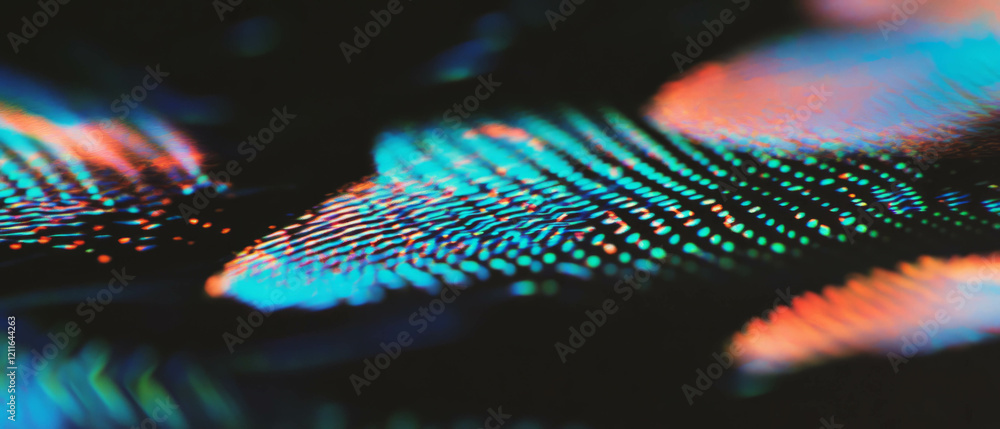 Poster Digital privacy visualization with abstract representations of data tracking and footprints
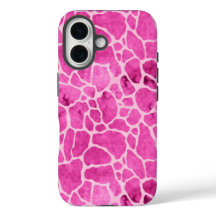 Pink Giraffe Skin Acid Wash Pattern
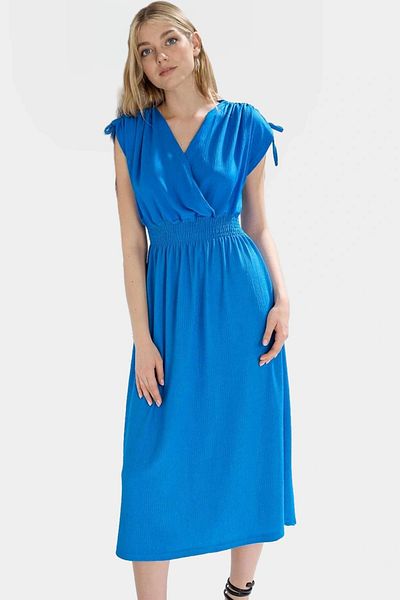 PayBuy Summer Midi Dress Knitted Polyester Fabric Elastic Waist a Line Premium Quality Carefully Selected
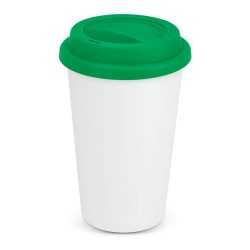 Reusable Coffee Cups - Plastic & Ceramic - Aztec Double Wall Coffee Cup - Full Colour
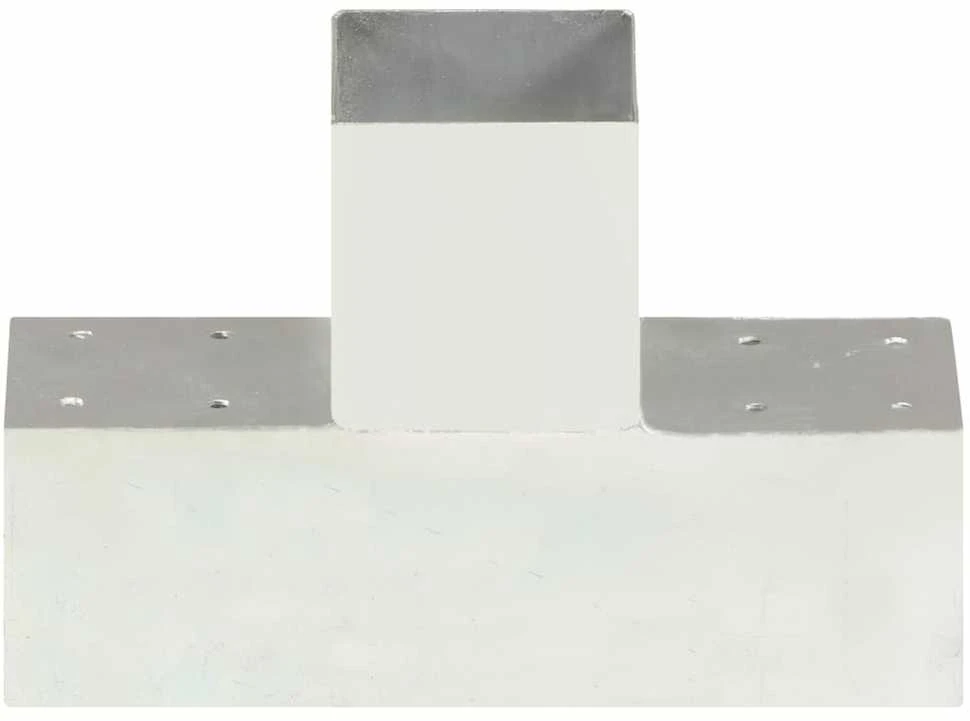 Stulpo sujungimas, 91x91mm, galvanizuotas metalas, T formos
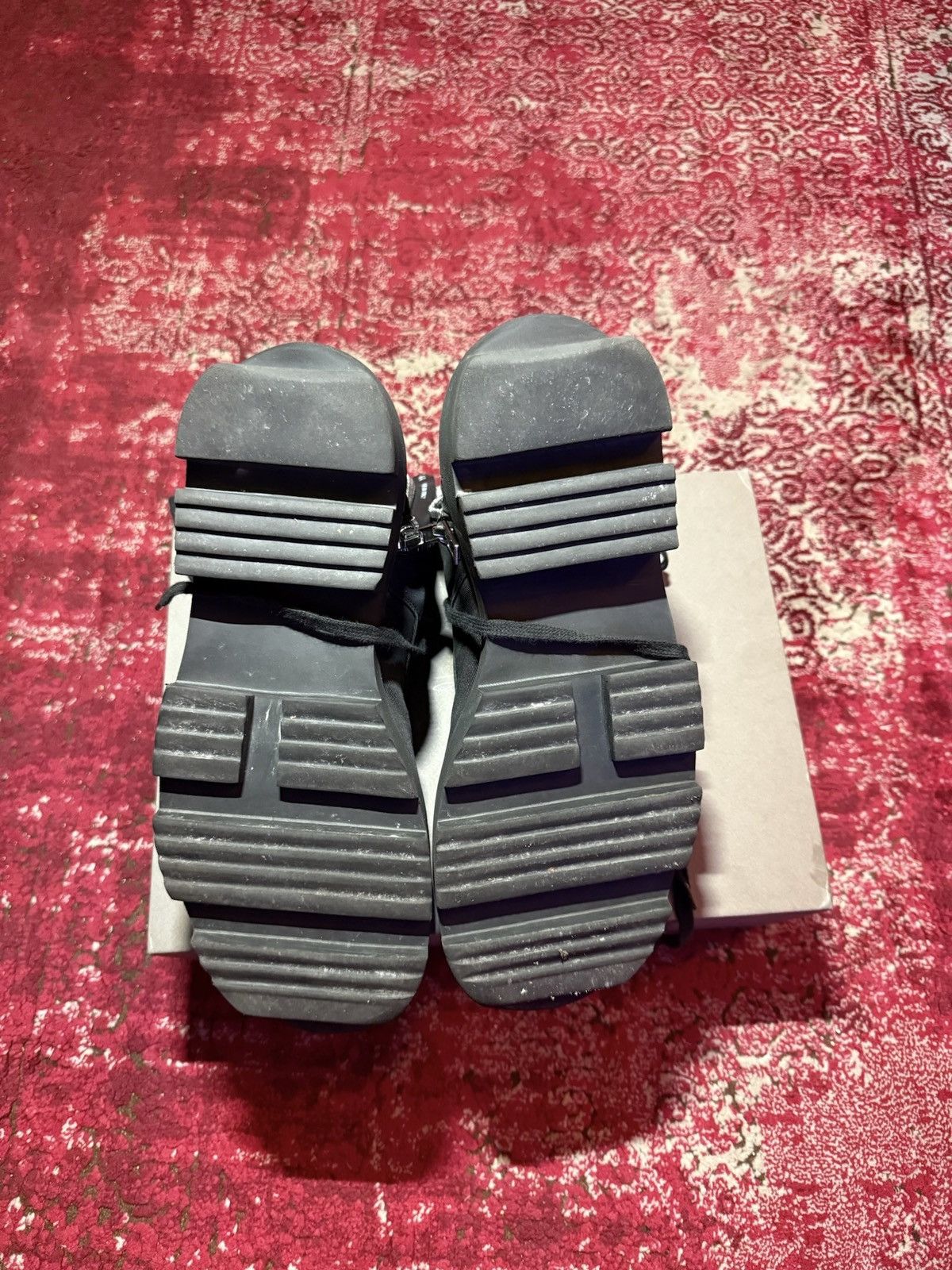 Rick Owens Drkshdw Rick owens canvas megatooths Size US 11 / EU 44 - 2 Thumbnail
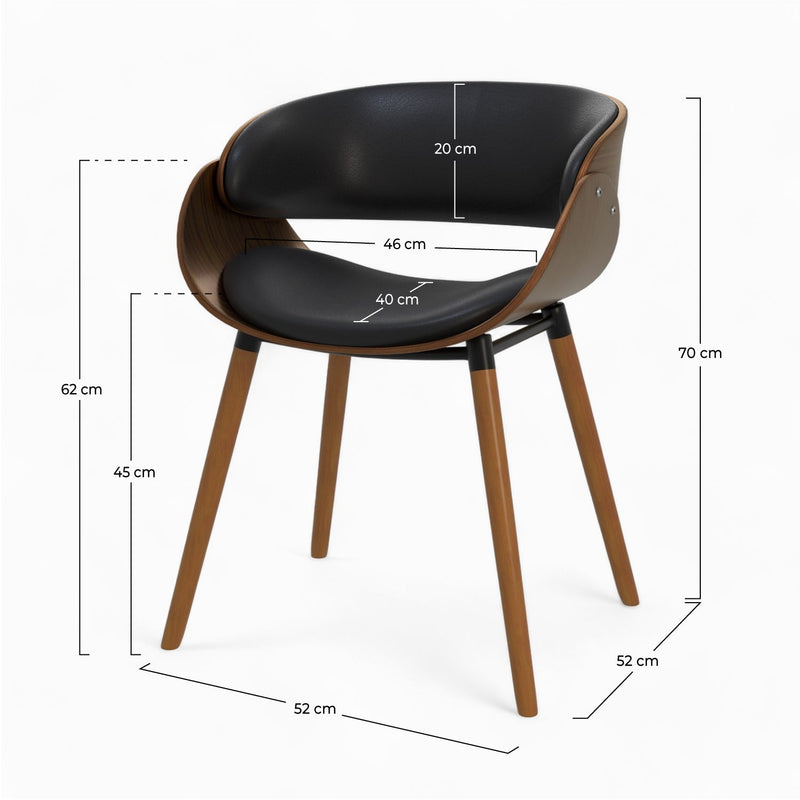 Chaise Polo noire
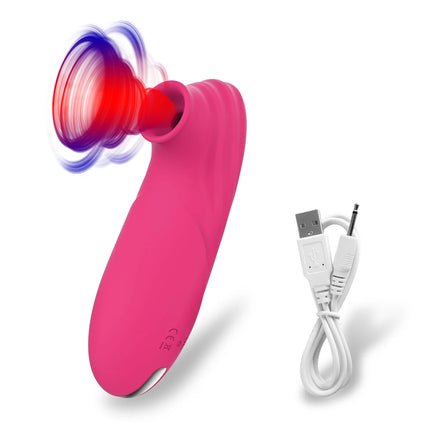 Adult Women Vibrator Oral Tongue Clitoris Massager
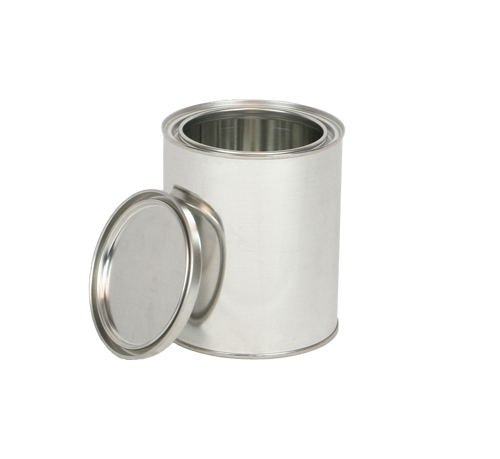 Round Steel Can with Lid (Unlined) - 1 pint - ICC USA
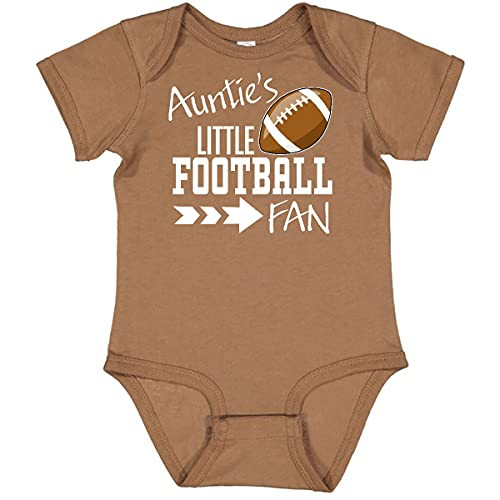 inktastic Auntie's Little Football Fan Infant Creeper Newborn Coyote Brown 31b1b inktastic Auntie's Little Football Fan Infant Creeper Newborn Coyote Brown 31b1b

## ACTION ITEM
Output the entries above exactly. Drop the pictures.

## OUTPUT FOR THIS EXERCISE
 Poster Digital privacy visualization with abstract representations of data tracking and footprints
 Pink Giraffe Skin Acid Wash Pattern
 PayBuy Summer Midi Dress Knitted Polyester Fabric Elastic Waist a Line Premium Quality Carefully Selected
 Reusable Coffee Cups - Plastic & Ceramic - Aztec Double Wall Coffee Cup - Full Colour
 Stulpo sujungimas, 91x91mm, galvanizuotas metalas, T formos
 Rick Owens Drkshdw Rick owens canvas megatooths Size US 11 / EU 44 - 2 Thumbnail
 Chaise Polo noire
 Adult Women Vibrator Oral Tongue Clitoris Massager
 Round Steel Can with Lid (Unlined) - 1 pint - ICC USA
 inktastic Auntie's Little Football Fan Infant Creeper Newborn Coyote Brown 31b1b inktastic Auntie's Little Football Fan Infant Creeper Newborn Coyote Brown 31b1b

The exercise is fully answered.